Woman raped in police cell had vagina sprayed with teargas

Amnesty International in a new report on human rights abuses in Nigeria related the story of a female detainee in one of Nigeria’s police cells.

She was not only raped, but her attackers sprayed her vagina with tear gas.The police then forced her to admit to committing robbery.

“I admitted to everything they asked me. I was not taken to the hospital even though I was bleeding… Up till now I still feel pain in my womb,” she was quoted as saying.

The account is one of the numerous shocking stories catalogued in the new report, entitled, ‘Welcome to Hellfire’.

The report says torture is so common in Nigeria’s police force that many police stations have a designated officer to carry out atrocities such as pulling teeth, choking, raping and delivering electric shocks to detainees.

The human rights organisation said police routinely used torture to extort cash or extract confessions from suspects, even some as young as 12.Doing so does not even break the law, Amnesty said, as Nigeria has yet to pass legislation criminalising torture.

The international rights group said torture was used as a matter of routine by both police and the military.

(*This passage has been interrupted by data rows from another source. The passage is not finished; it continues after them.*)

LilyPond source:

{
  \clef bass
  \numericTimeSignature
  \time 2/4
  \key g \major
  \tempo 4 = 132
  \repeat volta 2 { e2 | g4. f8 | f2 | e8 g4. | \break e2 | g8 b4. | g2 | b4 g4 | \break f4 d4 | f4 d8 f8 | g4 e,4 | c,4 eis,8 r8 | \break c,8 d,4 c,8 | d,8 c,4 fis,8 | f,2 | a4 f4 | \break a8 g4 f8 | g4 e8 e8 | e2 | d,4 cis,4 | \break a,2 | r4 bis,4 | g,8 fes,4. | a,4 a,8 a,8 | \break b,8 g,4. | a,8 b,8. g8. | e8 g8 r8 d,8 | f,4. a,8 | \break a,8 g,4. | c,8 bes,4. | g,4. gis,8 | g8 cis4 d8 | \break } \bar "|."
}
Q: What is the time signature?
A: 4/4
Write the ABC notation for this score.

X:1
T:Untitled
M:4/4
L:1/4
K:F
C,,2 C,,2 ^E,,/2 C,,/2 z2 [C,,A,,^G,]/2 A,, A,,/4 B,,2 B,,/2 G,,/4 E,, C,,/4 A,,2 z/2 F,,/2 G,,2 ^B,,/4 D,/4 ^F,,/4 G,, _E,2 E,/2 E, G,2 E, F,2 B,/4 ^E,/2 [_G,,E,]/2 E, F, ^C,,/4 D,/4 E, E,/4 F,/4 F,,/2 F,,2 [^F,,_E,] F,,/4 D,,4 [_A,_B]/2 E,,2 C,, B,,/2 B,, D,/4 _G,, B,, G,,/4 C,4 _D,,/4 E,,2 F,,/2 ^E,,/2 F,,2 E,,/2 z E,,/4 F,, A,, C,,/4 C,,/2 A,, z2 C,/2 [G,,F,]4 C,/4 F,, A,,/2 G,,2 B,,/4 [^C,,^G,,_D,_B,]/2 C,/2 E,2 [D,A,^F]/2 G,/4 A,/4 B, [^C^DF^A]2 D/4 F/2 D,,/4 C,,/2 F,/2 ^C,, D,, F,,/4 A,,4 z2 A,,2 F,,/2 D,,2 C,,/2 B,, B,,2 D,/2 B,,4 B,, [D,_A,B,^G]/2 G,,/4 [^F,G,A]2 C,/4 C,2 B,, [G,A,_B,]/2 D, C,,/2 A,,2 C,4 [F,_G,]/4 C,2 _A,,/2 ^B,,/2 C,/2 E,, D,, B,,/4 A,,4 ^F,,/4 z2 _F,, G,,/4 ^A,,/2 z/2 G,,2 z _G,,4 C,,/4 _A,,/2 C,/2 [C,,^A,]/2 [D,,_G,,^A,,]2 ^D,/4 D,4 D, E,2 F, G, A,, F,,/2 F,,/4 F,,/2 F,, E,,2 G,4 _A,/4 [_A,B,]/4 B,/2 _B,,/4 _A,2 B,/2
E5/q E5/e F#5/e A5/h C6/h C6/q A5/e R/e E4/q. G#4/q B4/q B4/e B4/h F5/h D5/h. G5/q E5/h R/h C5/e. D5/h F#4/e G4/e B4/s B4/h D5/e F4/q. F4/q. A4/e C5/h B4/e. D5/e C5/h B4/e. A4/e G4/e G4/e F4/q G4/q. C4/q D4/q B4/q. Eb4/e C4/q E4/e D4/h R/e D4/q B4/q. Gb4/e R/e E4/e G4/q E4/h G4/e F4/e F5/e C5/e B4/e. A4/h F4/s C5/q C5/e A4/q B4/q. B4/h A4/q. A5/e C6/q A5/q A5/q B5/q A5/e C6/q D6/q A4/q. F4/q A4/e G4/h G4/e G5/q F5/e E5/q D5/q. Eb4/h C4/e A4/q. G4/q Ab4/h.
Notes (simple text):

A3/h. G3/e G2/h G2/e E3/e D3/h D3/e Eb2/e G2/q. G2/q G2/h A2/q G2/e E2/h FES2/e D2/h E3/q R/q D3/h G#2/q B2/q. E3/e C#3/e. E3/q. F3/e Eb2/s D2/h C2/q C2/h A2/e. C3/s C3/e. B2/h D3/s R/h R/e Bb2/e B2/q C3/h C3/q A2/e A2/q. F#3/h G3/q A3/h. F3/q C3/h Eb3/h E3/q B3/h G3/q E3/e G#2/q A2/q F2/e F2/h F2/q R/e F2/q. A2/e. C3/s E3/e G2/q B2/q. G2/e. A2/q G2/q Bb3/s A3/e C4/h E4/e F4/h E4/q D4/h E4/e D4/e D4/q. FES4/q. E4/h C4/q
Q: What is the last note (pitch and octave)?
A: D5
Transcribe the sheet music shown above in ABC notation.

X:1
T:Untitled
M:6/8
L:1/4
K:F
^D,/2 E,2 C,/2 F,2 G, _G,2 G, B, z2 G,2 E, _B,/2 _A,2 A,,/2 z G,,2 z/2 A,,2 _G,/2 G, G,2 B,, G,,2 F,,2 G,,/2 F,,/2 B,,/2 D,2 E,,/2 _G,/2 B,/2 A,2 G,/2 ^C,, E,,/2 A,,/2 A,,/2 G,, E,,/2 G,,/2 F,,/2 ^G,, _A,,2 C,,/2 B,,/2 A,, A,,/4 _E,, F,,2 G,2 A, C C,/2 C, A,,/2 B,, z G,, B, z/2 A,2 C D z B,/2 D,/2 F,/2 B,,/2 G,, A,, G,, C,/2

Detainees, many of them held without charge or access to lawyers, were beaten, shot, suspended upside down, starved, choked and made to sit on sharp objects, according to a new report launched in the capital Abuja.

“Many police sections in various states, including the Special Anti-Robbery Squad (SARS) and Criminal Investigation Division (CID), have ‘torture chambers’: special rooms where suspects are tortured while being interrogated,” it said.

“Often known by different names like the ‘temple’ or the ‘theatre’, such chambers are sometimes under the charge of an officer known informally as ‘O/C Torture’ (Officer in Charge of Torture).”

– Beatings and tear-gas –

At a news conference in Abuja, mechanical engineer Onyekachi Mbazuigwe told how he was arrested outside his home in Lagos in March 2013 over the theft of a car.

He said that after two months in custody, two police officers took him at night into a derelict building in the police compound and beat him.

“My two hands were tied to the back together with my legs. I was hung in between a window and a ladder for about one hour,” the 33-year-old said.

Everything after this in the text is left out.